Naval Information Warfare Systems Command (NAVWAR) enterprise announced the winner of its third prize challenge in the Artificial Intelligence Applications to Autonomous Cybersecurity Challenge (AI ATAC) series at the U.S. Navy-hosted HACKtheMACHINE Unmanned event on November 18.
The winner of the challenge and the $750,000 prize, was Splunk Inc. (NASDAQ: SPLK), a data platform leader. Their submission, Splunk® SOAR, had the best performance based on the criteria of the challenge, which focused on enhancing the Security Operations Center (SOC) using artificial intelligence (AI) and/or machine learning (ML) tools to automate the detection and prevention of advanced persistent threats and other cybersecurity campaign activity.
Managed by Program Executive Office (PEO) for Command, Control, Communications, Computers and Intelligence (C4I)’s Cybersecurity Program Office (PMW 130), the challenge called for white papers describing the technology, overview and demonstration videos, corresponding technology (virtual machine hardware and/or any included and necessary software) and a setup guide.
“We have found these challenges to be a productive way to bring industry, academia, government and individual thinkers together to partner on collaborative solutions focusing on major Department of Defense priorities, in this case AI and ML,” said John Armantrout, PMW 130 program manager.
Current SOC procedures require a tremendous amount of time and effort to triage alerts, link related logs, perform incident response, and document investigations. Through this AI ATAC Prize Challenge, PMW 130 solicited security orchestration and automated response (SOAR) tools that use AI and/or ML to enhance SOC effectiveness for competitive evaluation. This challenge measured the performance of these tools based on specific SOAR capability criteria to determine how well they would provide improvements to U.S. Navy SOCs across the world.
“SOAR tools provide a tremendous value to SOC analysts and completing this prize challenge brings us one step closer to deploying these capabilities to the fleet,” said Mike Karlbom, PMW 130 technical director of AI/ML. “This evaluation was different from previous AI ATAC Prize Challenges, as we obtained participation from a large number of U.S. Navy SOC analysts around the globe. Obtaining their unique perspectives and inputs on which tool met their needs the most ensures the warfighter receives the tools they need to maintain information superiority in the cyber warfighting domain.”
As with the other challenges in this series, the program office partnered with Oak Ridge National Laboratory, a Department of Energy laboratory in Tennessee, which provided facilities and expertise for evaluating the technical solutions.

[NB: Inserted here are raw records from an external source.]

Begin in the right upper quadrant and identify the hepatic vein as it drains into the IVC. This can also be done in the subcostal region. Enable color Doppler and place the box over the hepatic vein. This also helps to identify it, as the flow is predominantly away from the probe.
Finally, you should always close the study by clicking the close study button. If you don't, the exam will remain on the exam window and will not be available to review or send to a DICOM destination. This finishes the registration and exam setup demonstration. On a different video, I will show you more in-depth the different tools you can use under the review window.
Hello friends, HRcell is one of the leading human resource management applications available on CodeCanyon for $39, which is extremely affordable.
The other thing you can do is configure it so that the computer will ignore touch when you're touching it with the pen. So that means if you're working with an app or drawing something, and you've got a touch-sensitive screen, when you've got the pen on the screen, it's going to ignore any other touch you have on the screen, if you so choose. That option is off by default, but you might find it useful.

Scoring was based on each tool’s ability to rank alerts, ingest data, facilitate playbook creation and execution, automate ticket population and common tasks, and facilitate communication between potentially geographically separated SOCs. The winning submission was the one whose cumulative score across all of these areas was highest.
"It is an immense honor to receive this award from the U.S. Navy on Splunk's SOAR offering," said Teresa Carlson, President and Chief Growth Officer, Splunk. "At Splunk, we are heavily invested in supporting agencies worldwide in leveraging technology to complete their missions. Being chosen by an independent panel for our ability to meet the critical needs of the U.S. Navy further validates Splunk as a strategic partner in helping secure our nation's cybersecurity posture."

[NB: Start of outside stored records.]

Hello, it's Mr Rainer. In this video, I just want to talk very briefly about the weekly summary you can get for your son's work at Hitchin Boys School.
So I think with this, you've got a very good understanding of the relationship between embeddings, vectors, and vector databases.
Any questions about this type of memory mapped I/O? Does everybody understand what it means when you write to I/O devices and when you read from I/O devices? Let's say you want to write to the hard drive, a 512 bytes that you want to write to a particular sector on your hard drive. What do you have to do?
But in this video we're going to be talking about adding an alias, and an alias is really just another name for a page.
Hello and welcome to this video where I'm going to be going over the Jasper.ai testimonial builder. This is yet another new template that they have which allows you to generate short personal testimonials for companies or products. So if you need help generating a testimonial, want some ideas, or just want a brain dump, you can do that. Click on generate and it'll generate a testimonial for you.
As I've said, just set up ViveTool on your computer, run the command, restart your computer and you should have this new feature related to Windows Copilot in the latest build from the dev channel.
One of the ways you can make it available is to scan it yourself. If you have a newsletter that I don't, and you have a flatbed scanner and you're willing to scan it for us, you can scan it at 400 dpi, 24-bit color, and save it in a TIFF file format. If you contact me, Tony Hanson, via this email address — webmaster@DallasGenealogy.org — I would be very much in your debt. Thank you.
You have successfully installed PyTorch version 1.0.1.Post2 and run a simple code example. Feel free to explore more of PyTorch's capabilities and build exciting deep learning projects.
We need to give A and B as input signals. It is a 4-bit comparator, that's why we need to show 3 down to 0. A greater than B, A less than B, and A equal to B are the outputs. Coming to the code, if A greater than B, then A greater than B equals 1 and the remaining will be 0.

This was the third AI ATAC prize challenge conducted by NAVWAR enterprise. The first challenge explored the capability for endpoint security products to incorporate AI and ML models to detect and defeat indicators of compromise, while the second focused on AI and ML technologies that detect adversarial campaigns by monitoring network observable behaviors or by analysis of data collected across an enterprise.
About NAVWAR
NAVWAR identifies, develops, delivers and sustains information warfighting capabilities and services that enable naval, joint, coalition and other national missions operating in warfighting domains from seabed to space and through cyberspace. NAVWAR consists of more than 11,000 civilian, active duty and reserve professionals located around the world.